Your output should be the lines from the one containing "Chihuahua Light |" through the last line below, both ends included, exactly as written and free of pictures.

(GIVEN DATA begins)

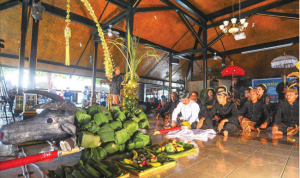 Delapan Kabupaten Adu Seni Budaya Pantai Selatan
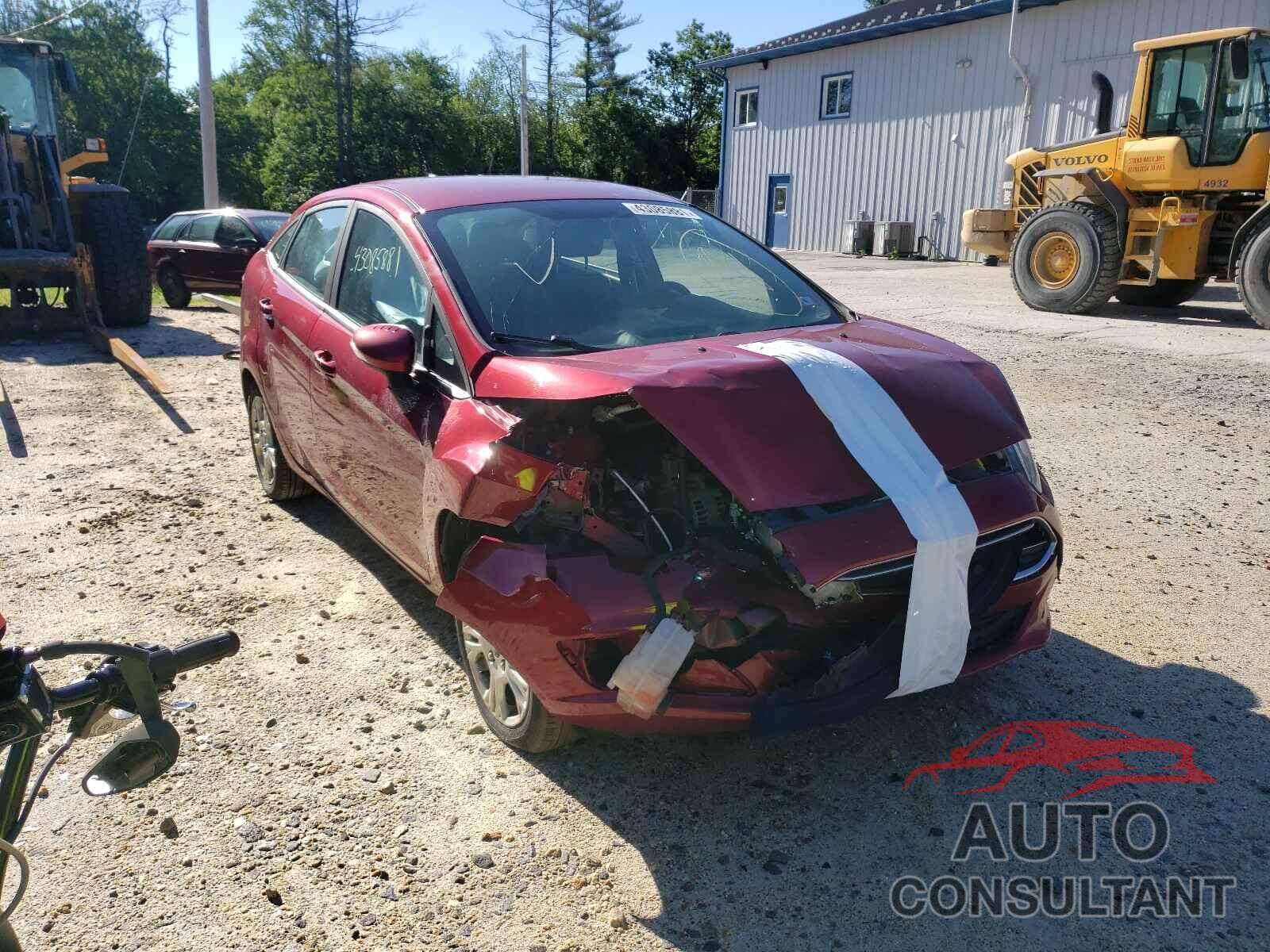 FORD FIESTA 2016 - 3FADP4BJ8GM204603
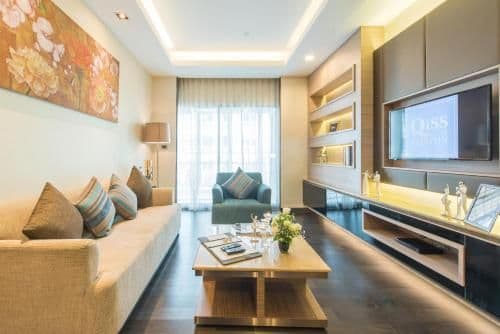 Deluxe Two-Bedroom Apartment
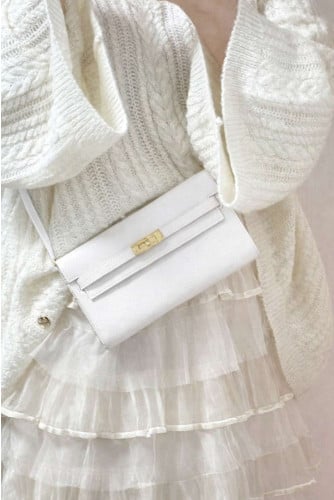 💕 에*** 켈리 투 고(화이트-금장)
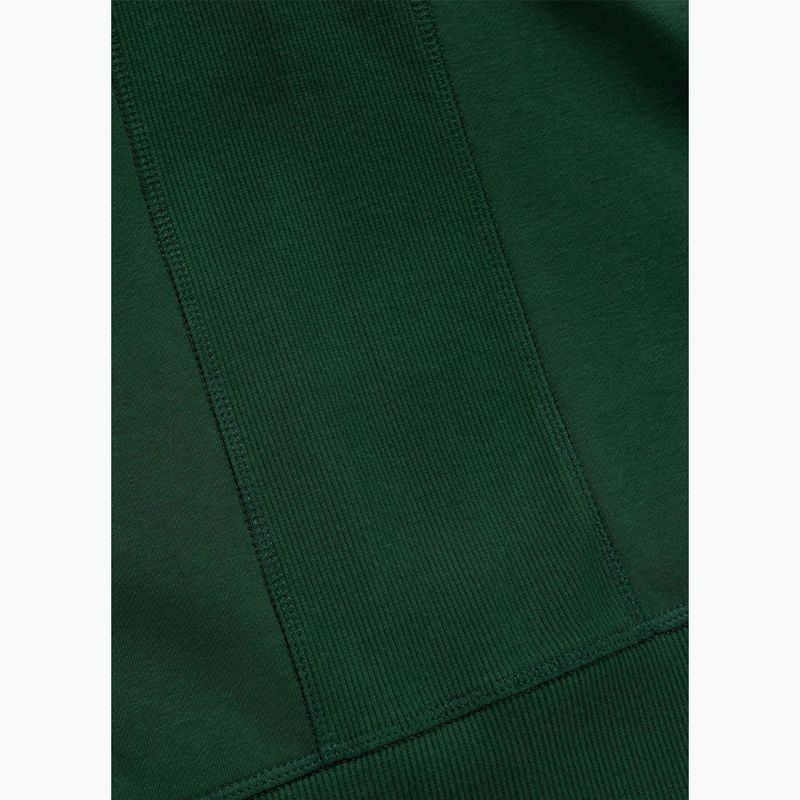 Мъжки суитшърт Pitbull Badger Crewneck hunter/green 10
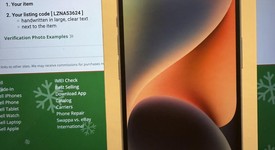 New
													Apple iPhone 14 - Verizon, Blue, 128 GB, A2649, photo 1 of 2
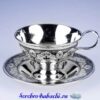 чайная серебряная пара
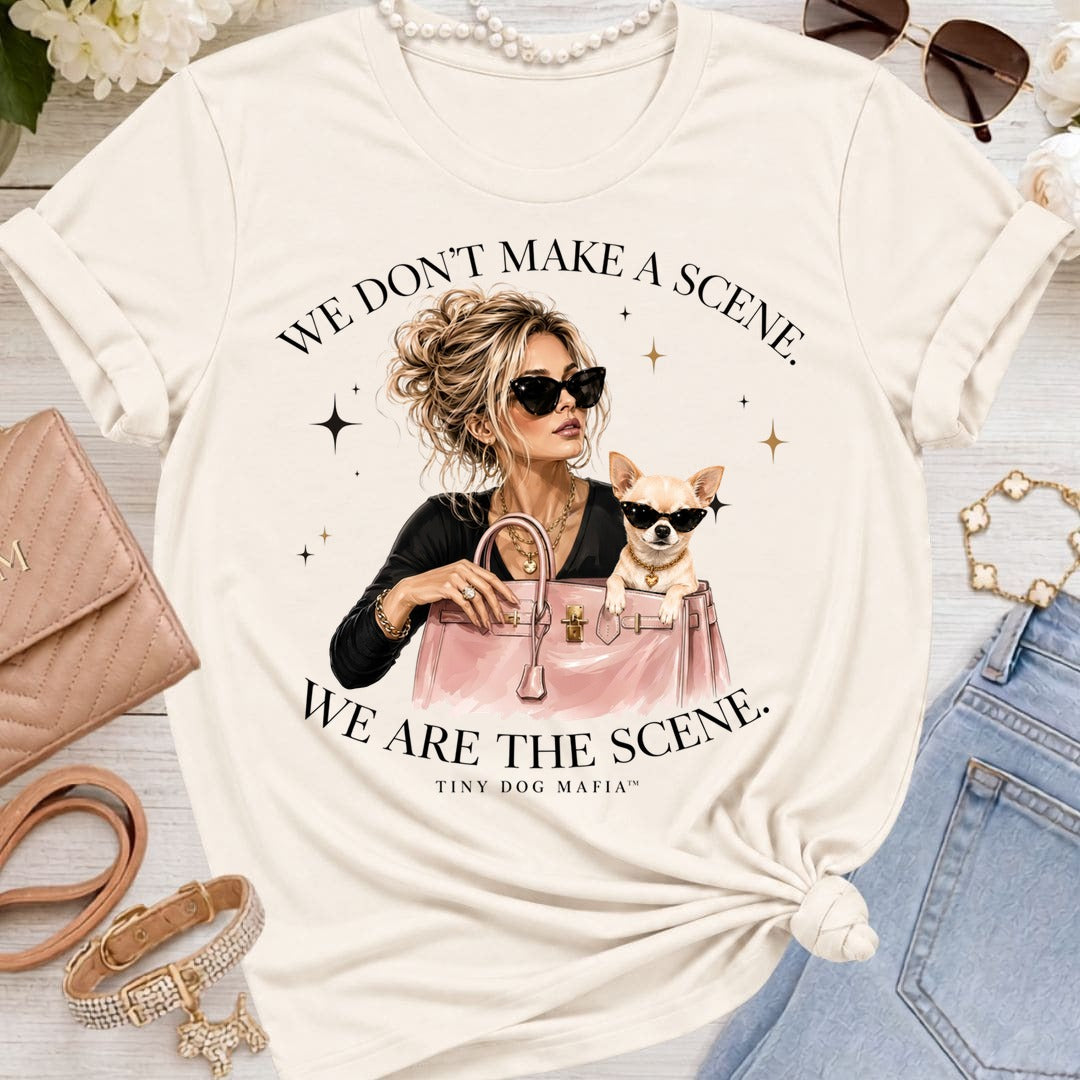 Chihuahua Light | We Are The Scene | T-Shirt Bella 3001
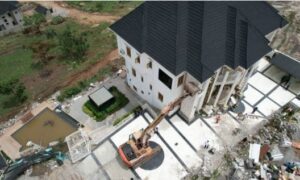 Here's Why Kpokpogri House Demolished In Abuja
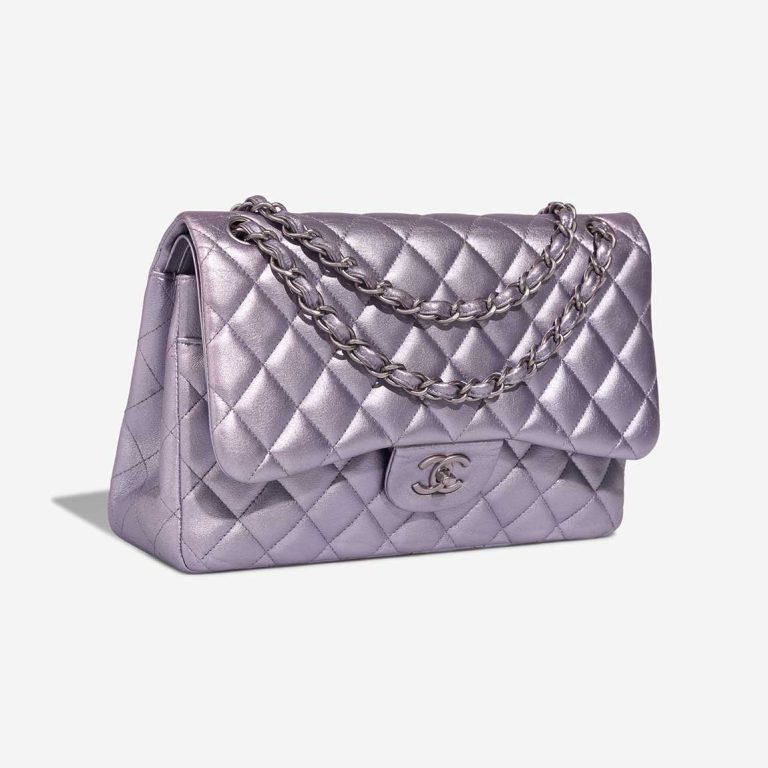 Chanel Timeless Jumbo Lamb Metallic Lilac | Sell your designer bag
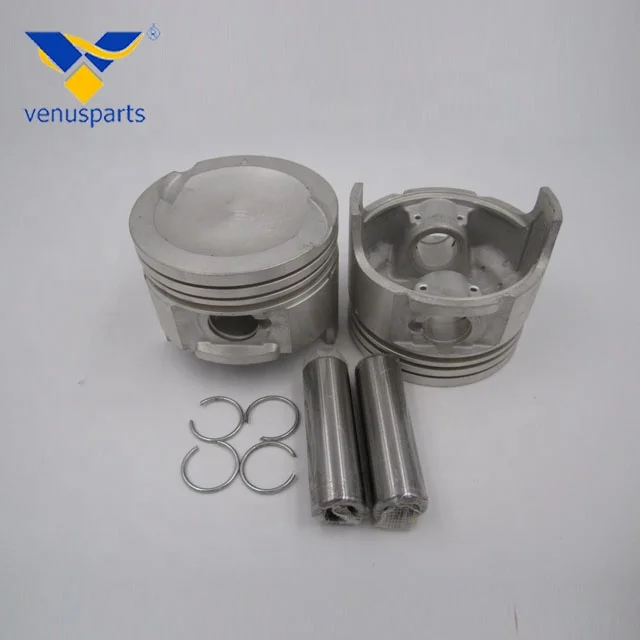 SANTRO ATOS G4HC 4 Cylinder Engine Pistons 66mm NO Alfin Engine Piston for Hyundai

(GIVEN DATA ends)

EXERCISE RESULT
 Chihuahua Light | We Are The Scene | T-Shirt Bella 3001
 Here's Why Kpokpogri House Demolished In Abuja
 Chanel Timeless Jumbo Lamb Metallic Lilac | Sell your designer bag
 SANTRO ATOS G4HC 4 Cylinder Engine Pistons 66mm NO Alfin Engine Piston for Hyundai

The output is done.